Address	Function	Offset	Size	Context	Module	Source location
(RIP)	`drm_mm_init`	`0xc1`	`0xd0`	Task	(built-in)	drm_mm.c:930
	`ttm_range_man_init_nocheck`	`0x9d`	`0x180`	Task	`ttm` (build-ID: e3a55dbbe0be)	ttm_range_manager.c:198
	`amdgpu_ttm_init.cold`	`0x45e`	`0x5cc`	Task	`amdgpu` (build-ID: 48030e986eac)	amdgpu_ttm.c:2103
	`amdgpu_bo_init.cold`	`0x5e`	`0x77`	Task	`amdgpu`	`amdgpu_object.c:1088`
	`gmc_v12_0_sw_init`	`0x470`	`0x6f0`	Task	`amdgpu`	`gmc_v12_0.c:847`
	`amdgpu_device_ip_init`	`0x8f`	`0xb43`	Task	`amdgpu`
	`amdgpu_device_init.cold`	`0x1495`	`0x1abe`	Task	`amdgpu`
	`amdgpu_driver_load_kms`	`0x1a`	`0x80`	Task	`amdgpu`
	`amdgpu_pci_probe`	`0x28e`	`0x760`	Task	`amdgpu`
	`local_pci_probe`	`0x51`	`0xc0`	Task	(built-in)
	`work_for_cpu_fn`	`0x1d`	`0x30`	Task	(built-in)
	`process_scheduled_works`	`0x2bc`	`0x680`	Task	(built-in)
	`worker_thread`	`0x1a6`	`0x4a0`	Task	(built-in)
	`kthread`	`0x1a4`	`0x3a0`	Task	(built-in)
	`ret_from_fork`	`0x1f8`	`0x3b0`	Task	(built-in)
	`ret_from_fork_asm`	`0x1a`	`0x30`	Task	(built-in)

CPU registers

Register	Value	Note
RIP	`drm_mm_init+0xc1/0xd0`	Points to `ud2` (BUG) instruction at crash
RSP	`ffa000000d723b60`	Valid kernel stack address
RAX	`0000000000000000`	Zero
RBX	`ff11004093c27400`	Pointer to `struct drm_mm` (`rman->mm`)
RCX	`000000000000001c`
RDX	`0000000000000000`	`size` arg to `drm_mm_init` = 0 — this is the bad value
RSI	`0000000000000000`	`start` arg to `drm_mm_init` = 0
RDI	`ff11004093c27480`	`mm` arg to `drm_mm_init`
RBP	`0000000000000003`
R08	`0000000000000dc0`
R09	`00000000ffffffff`
R10	`ff11004093c27400`
R11	`0000000000000100`
R12	`ff1100408b60f048`
R13	`0000000000000000`
R14	`0000000000000000`
R15	`000000000000000b`
CR2	`00007f15ed7d9f55`	Page-fault address (from a previous unrelated fault)
CR4	`0000000000771ef0`
EFLAGS	`00010246`	ZF=1 (zero flag set — result of the failed comparison)

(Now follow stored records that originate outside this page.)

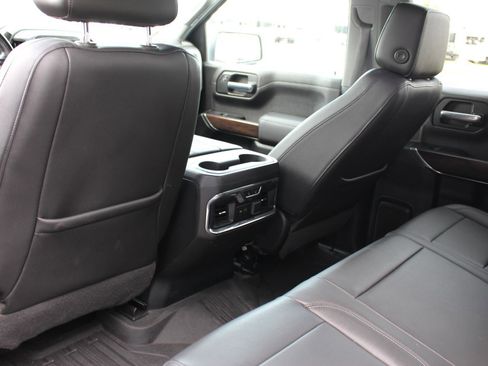 Used 2019 GMC Sierra 1500 SLT w/ SLT Premium Plus Package image 33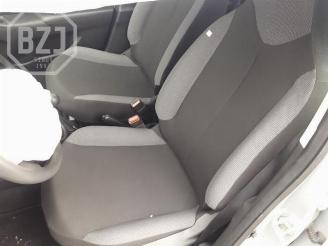 Toyota Aygo Aygo (B40), Hatchback, 2014 1.0 12V VVT-i picture 6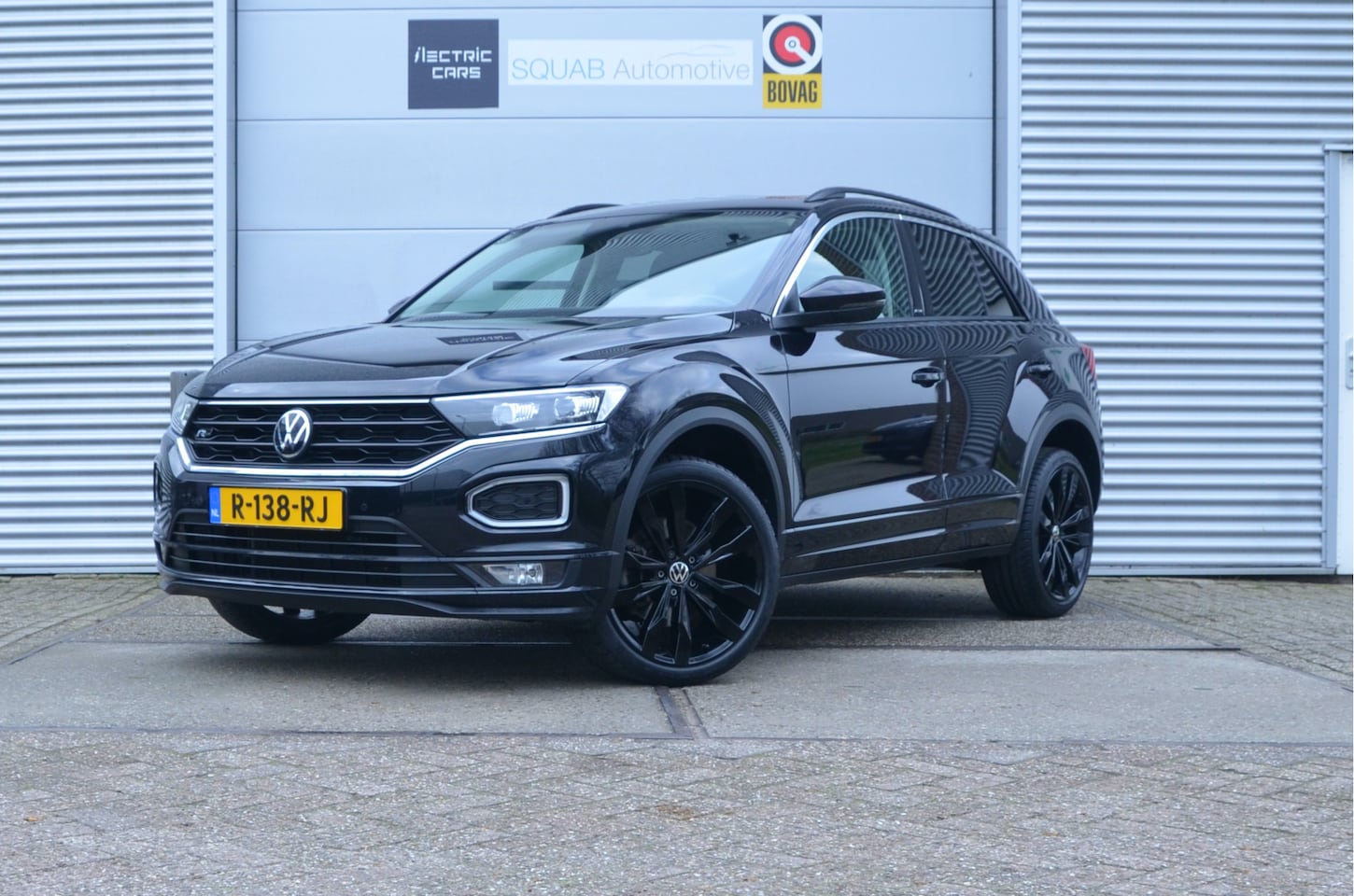 Volkswagen T-Roc - 1.5 TSI Sport Business R Panoramadak, Carplay, nw Grote beurt - AutoWereld.nl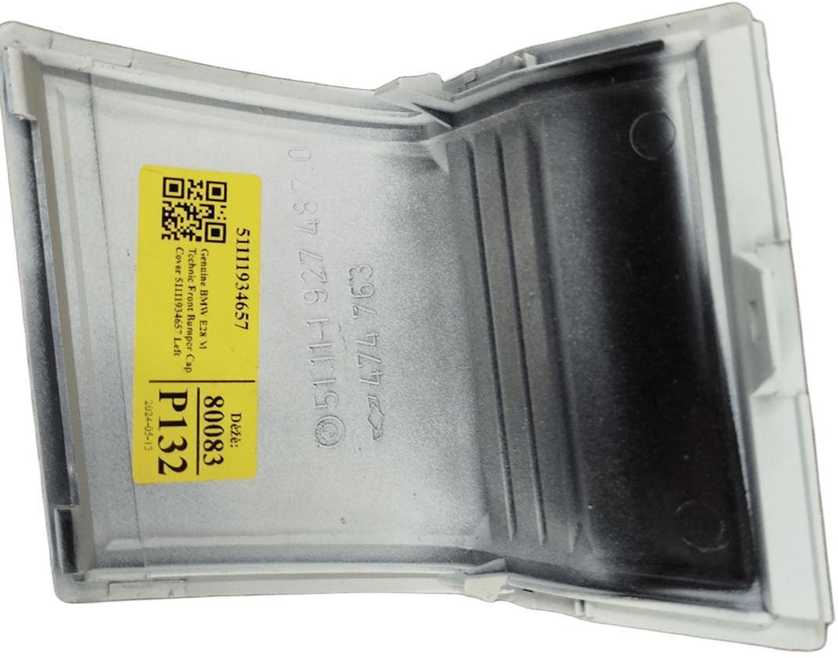 Originalus BMW E28 M Technic priekinis bamperio dangtelis 51111934657 kairysis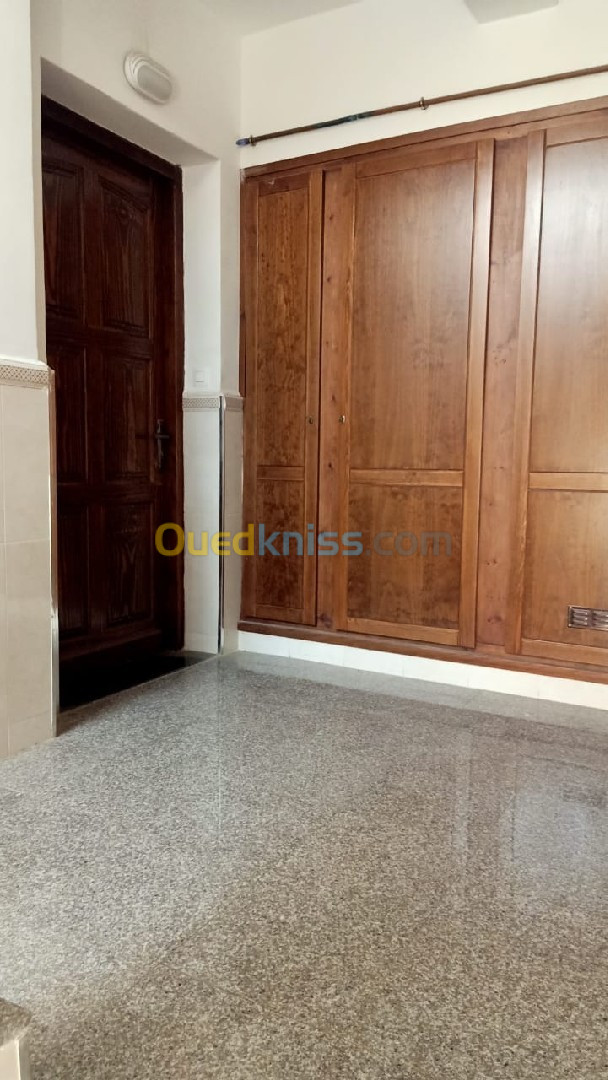 Location Appartement F4 Alger Bir mourad rais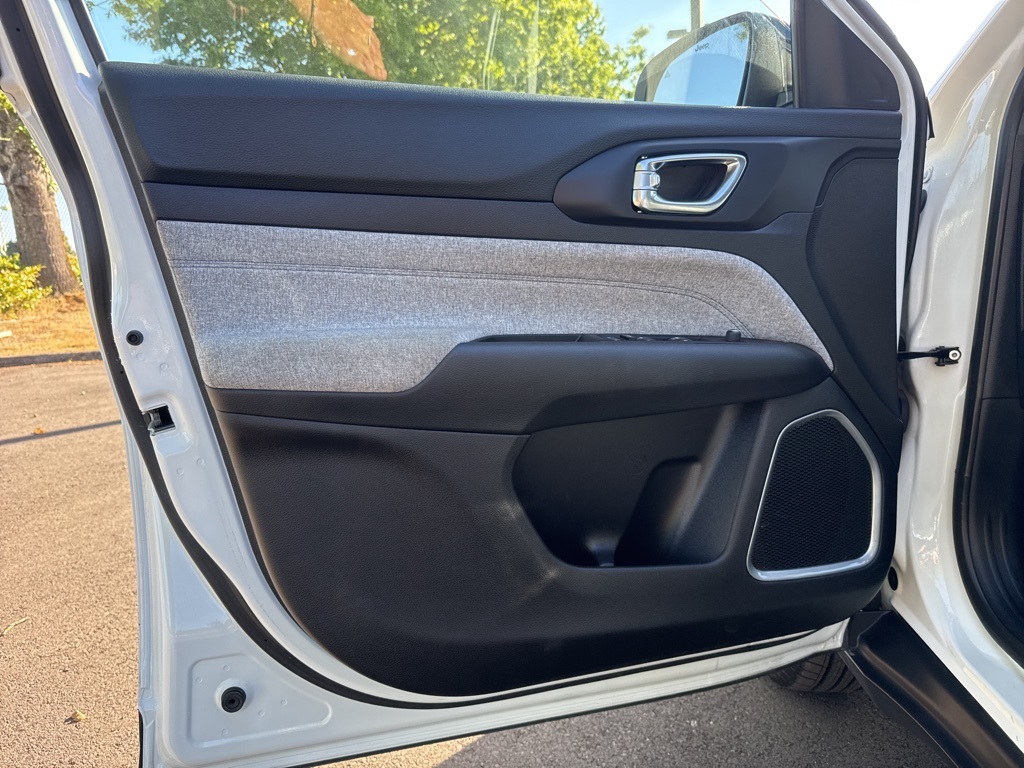2024 Jeep Compass Latitude photo 10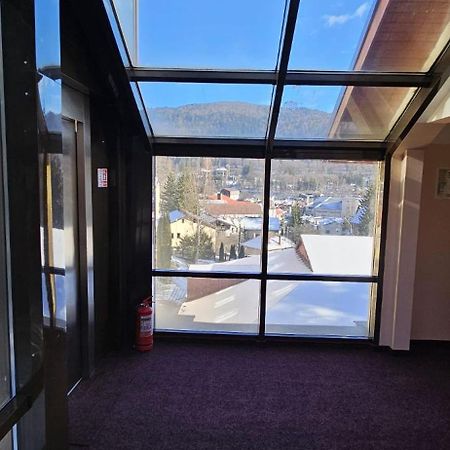 Hostel Cppi Vest Buşteni Eksteriør billede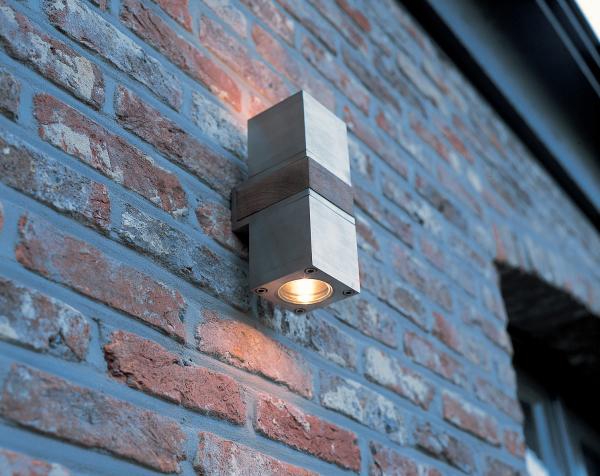 Осветительный столб Royal Botania Q-BIC WALL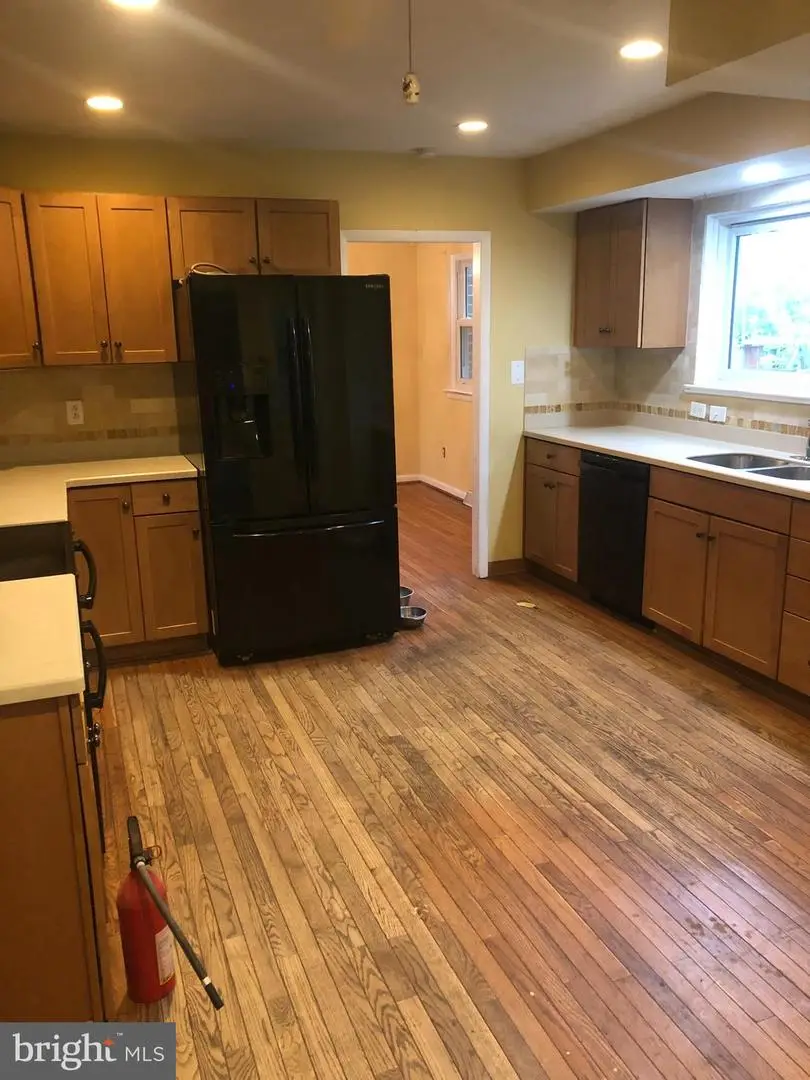 904 Township Line Rd, Plymouth Meeting, PA 19462 - #2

Key observation: RSI = 0 (start) and RDX = 0 (size) confirm that drm_mm_init was called with start=0, size=0. The assertion start + size <= start → 0 + 0 ≤ 0 → true triggers the BUG.

Code bytes

Code: 83 05 c2 c5 11 04 01 48 c7 83 f0 00 00 00 00 00 00 00 e8 a2 79 cd ff
      48 83 05 b2 c5 11 04 01 5b c3 cc cc cc cc 0f 1f 40 00 90
      <0f> 0b   ← ud2 (BUG()) at drm_mm_init+0xc1
      66 66 2e 0f 1f 84 00 00 00 00 00 66 90 90 90 90 90 90 90 90

The ud2 at <0f> 0b is placed at the end of drm_mm_init (offset 0xc1 in a 0xd0-byte function). The compiler’s normal path returns via ret (c3) earlier; the BUG path jumps here. This is the classic Linux BUG() layout.

Backtrace source code

1. `drm_mm_init` — crash site (`drm_mm.c:930`)

drivers/gpu/drm/drm_mm.c at v6.18.16

920  /**
921   * drm_mm_init - initialize a drm-mm allocator
922   * @mm: the drm_mm structure to initialize
923   * @start: start of the range managed by @mm
924   * @size: end of the range managed by @mm
925   *
926   * Note that @mm must be cleared to 0 before calling this function.
927   */
928  void drm_mm_init(struct drm_mm *mm, u64 start, u64 size)
929  {
930      DRM_MM_BUG_ON(start + size <= start);   // ← CRASH HERE (size == 0, start == 0 → 0 ≤ 0)
931
932      mm->color_adjust = NULL;
     ...
950  }

2. `ttm_range_man_init_nocheck` — call site (`ttm_range_manager.c:198`)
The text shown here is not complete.